6.3.2 Additional contours around mounting holes
Additional material around mounting holes is recommended to increase the strength of the holes. More material can be achieved by increasing the number of contours around the holes in Insight using a custom group. Create a new custom group using the same parameters as the global parameters, change the number of contours to the desired amount, and check the Apply contour style to selected feature only box as show in Figure 22. The check box ensures that the extra contours are only added to the selected mounting holes and not the entire part.

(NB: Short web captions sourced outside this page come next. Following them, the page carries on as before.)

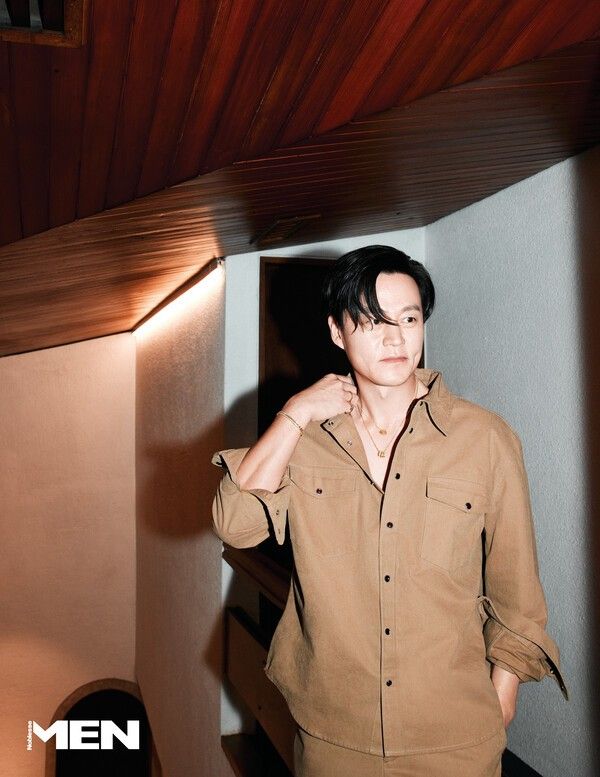 이서진 화보. /사진=맨 노블레스&nbsp;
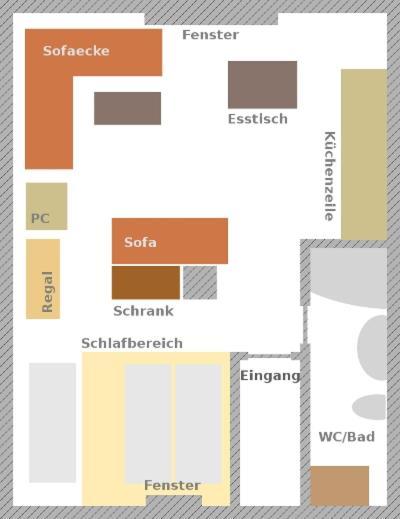 Ferienwohnung Haus Edith In لاوفنبورغ المظهر الخارجي الصورة
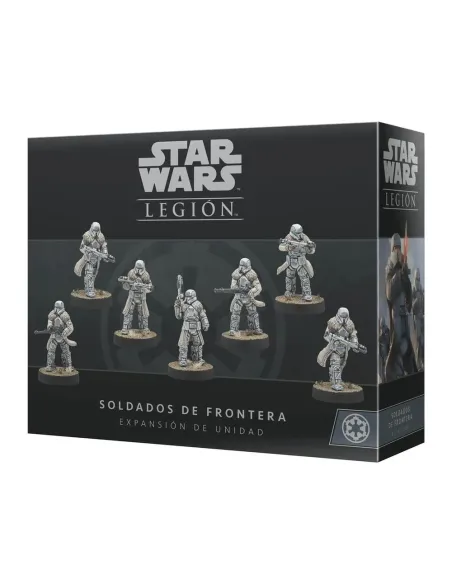 Juego de mesa star wars legion soldados de frontera edad recomendada 14 años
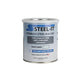 Peinture polyuréthane gris tourterelle, bidon 1 pinte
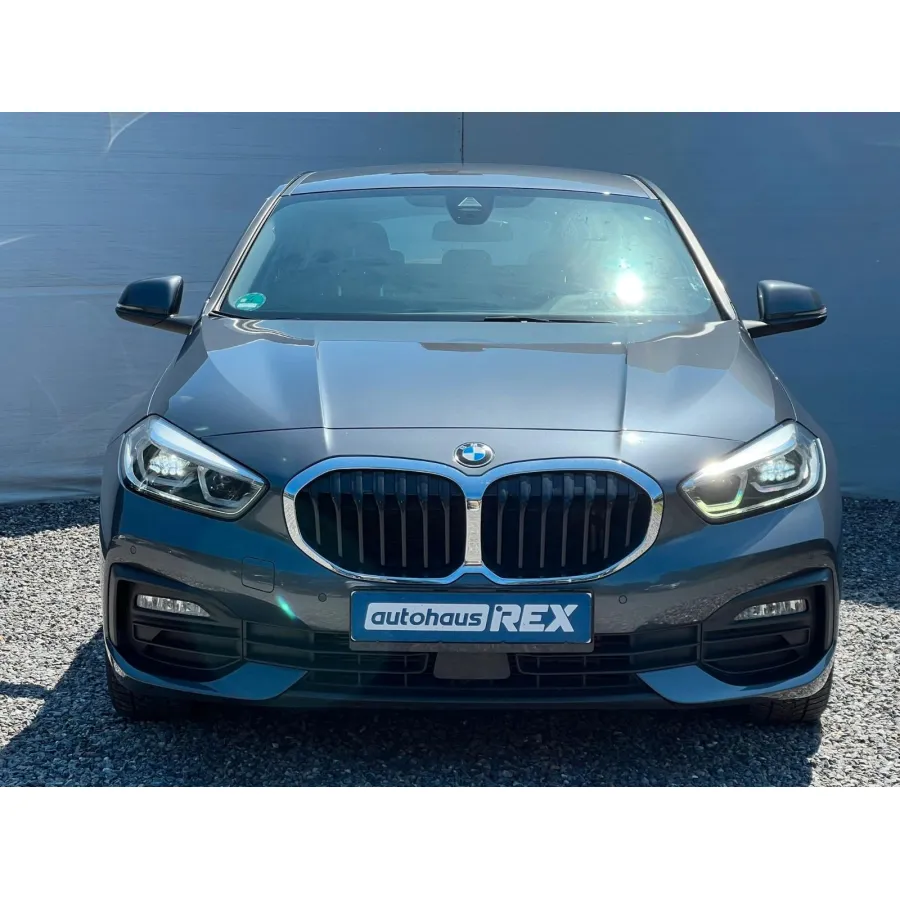 BMW 116, 2020, МКПП, пробег 98100 км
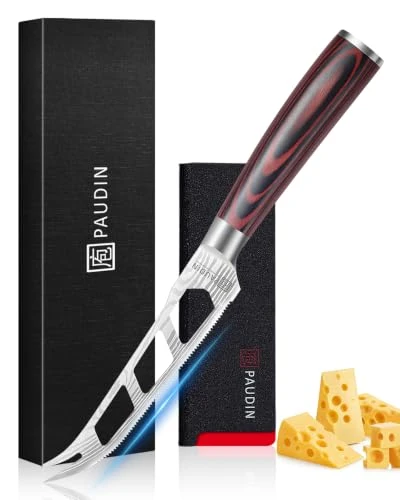 Powerful Cheese Knife 5 Serrated Knife for Block Cheese Eco-Friendly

Add the curves that make up the mounting holes to the custom group. Only the selected features will be in a custom group as shown in Figure 23. The figure also shows the resulting toolpath generation from the custom group.
6.4 Seams
A seam is defined as the start and stop location of a toolpath, as shown in Figure 24. A seam can potentially cause a blemish in the final part if the tool surface in contact with the formed sheet contains seams. Placement of seams is important when processing in Insight for this reason. Seams should be placed on a part of the tool that will not contact the formed sheet, on the least important side of the tool, or on a face where they can easily be smoothed by light sanding after the tool has been built. Seam placement on the part can be changed under the Toolpaths, Seam control menu.
6.5 Save .cmb file
Once all supports, toolpaths and custom groups are satisfactory, generate toolpaths and save the job, creating a .cmb file. The .cmb file is then packed in Control Center™ and sent to the 3D printer for production.